To paraphrase the U.N.’s Universal Declaration of Human Rights, I believe that human rights are universal, man. As Saudi Arabia exists in this universe, I think that the humans there?Muslim or not, liberal or conservative, male or female, gay or straight?are entitled to their full human rights. Until that day comes, SOS, I’m going to go right on thinking that Canada kicks Saudi Arabia’s ass when it comes to morals and values. And bud.

I think Bill Maher put it best with “Don’t be so tolerant that you tolerate intolerance”.

To bring this back to politics, it’s pussies (to use the Team America terminology) like this who perpetuate the stereotype that liberals are unable to see the big picture when it comes to terrorism. I don’t like the Republican party, but I’m under no illusions that they’re as bad as the Islamic fundamentalists that we’re at “war” with. My concern (among many) is that the policies and attitudes of Bush and co. are actually making the problem worse. So while I have a special kind of hatred for assholes like bin Laden and Hussein, I don’t get to vote against either one of them.


posted by greg on October 21, 2004 @ 12:31 pm

4 comments

  1. An interesting side note to Dan’s commentary – when we invaded Iraq for ignoring a UN Resolution, who do you think was #1 on the list of #’s of UN resolutions violated? And the winner is… the House of Saud! And tell us, Johnny, who get’s the door prize for second place? Why, how about some loan guarantees to a little country trying to build a big wall (and I’m not talking China here)?

    Moral relatism is a wonderful thing.

    Comment by Gregory — October 21, 2004 @ 1:38 pm

  2. I agree with you. Being a liberal and progressive person myself, it drives me nuts when people on my side give the other side fuel through overly PC silliness.
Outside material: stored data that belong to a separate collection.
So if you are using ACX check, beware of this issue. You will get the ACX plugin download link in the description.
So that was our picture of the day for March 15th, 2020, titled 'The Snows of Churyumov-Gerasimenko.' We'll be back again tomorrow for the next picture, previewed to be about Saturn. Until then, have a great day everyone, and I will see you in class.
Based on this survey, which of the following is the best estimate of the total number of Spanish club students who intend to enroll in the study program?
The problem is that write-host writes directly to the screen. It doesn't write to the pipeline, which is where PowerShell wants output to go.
    People have to realize that in a lot of cultures around the world, there is no concept of sexism, not because there isn’t any, but because the very idea that treating women equal to men is so alien as to be unthinkable in those cultures.

    We’ve got a long way to go still in this culture, but at least we have developed the concept that treating people of different races/genders poorly is wrong.
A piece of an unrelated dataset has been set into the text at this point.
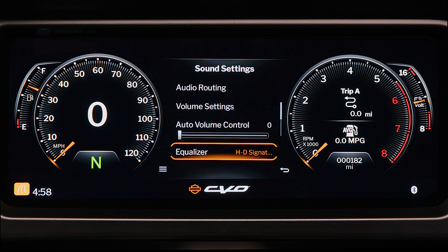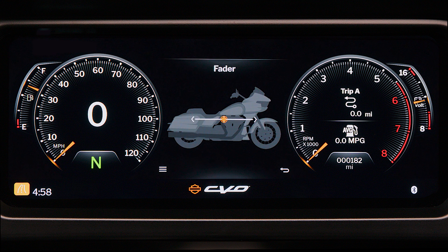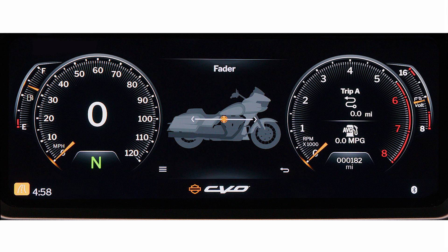Click on Fader. Use the slider to adjust the audio balance between the upper fairing speakers and saddlebag speakers. That's it — now you can fine-tune the sound to your liking and enjoy a well-balanced audio output.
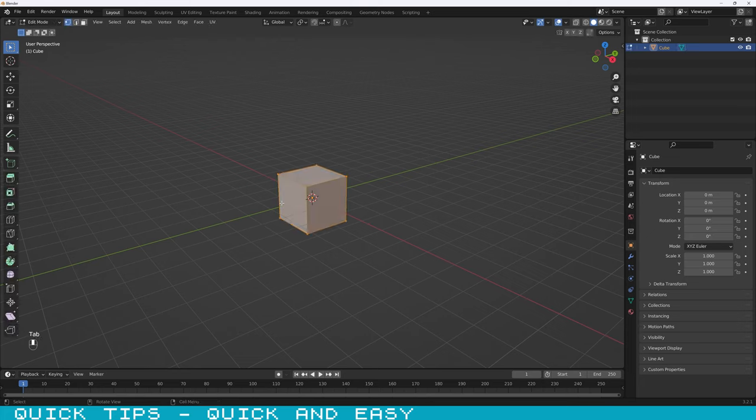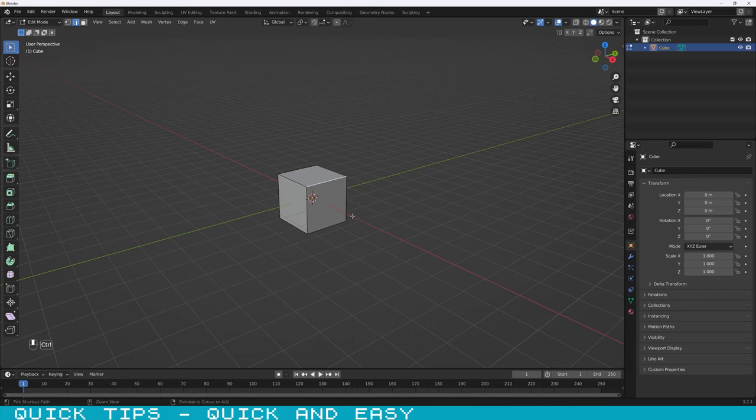First, select the object and press tab to enter edit mode. Now, select the edge that you want to bevel.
    So, we have come a long way relatively quickly. It wasn’t so long ago that it was thought that if you DIDN’T beat your wife you were a neglectful husband.

    Comment by Dave — October 21, 2004 @ 2:23 pm

  3. Very nicely written. We can’t be true progressive souls if we are too busy “loving the world and everything in it” to spot injustices and suffering. Let the liberal spirit fly, but don’t get lost in the clouds.

    I’m an American who moved to Canada a few years back. And I do wholeheartedly agree that Canada is one hell of a fine country. I still love my nation and have no desire to lose my citizenship to it. But America has more than a few things to learn from Canada about quality and standard of life.

    Rather than attacking anything non-American, America needs to learn to embrace the success stories in the world and progress from it.

    Comment by Christine — October 21, 2004 @ 2:24 pm

  4. While I agree with your post, I would like to point out that denigrating people by calling them “pussies” isn’t exactly anti-sexist. It’s not stoning rape victims to death, but it’s not particularly enlightened either. (And no, the Team America disclaimer doesn’t make it ok.)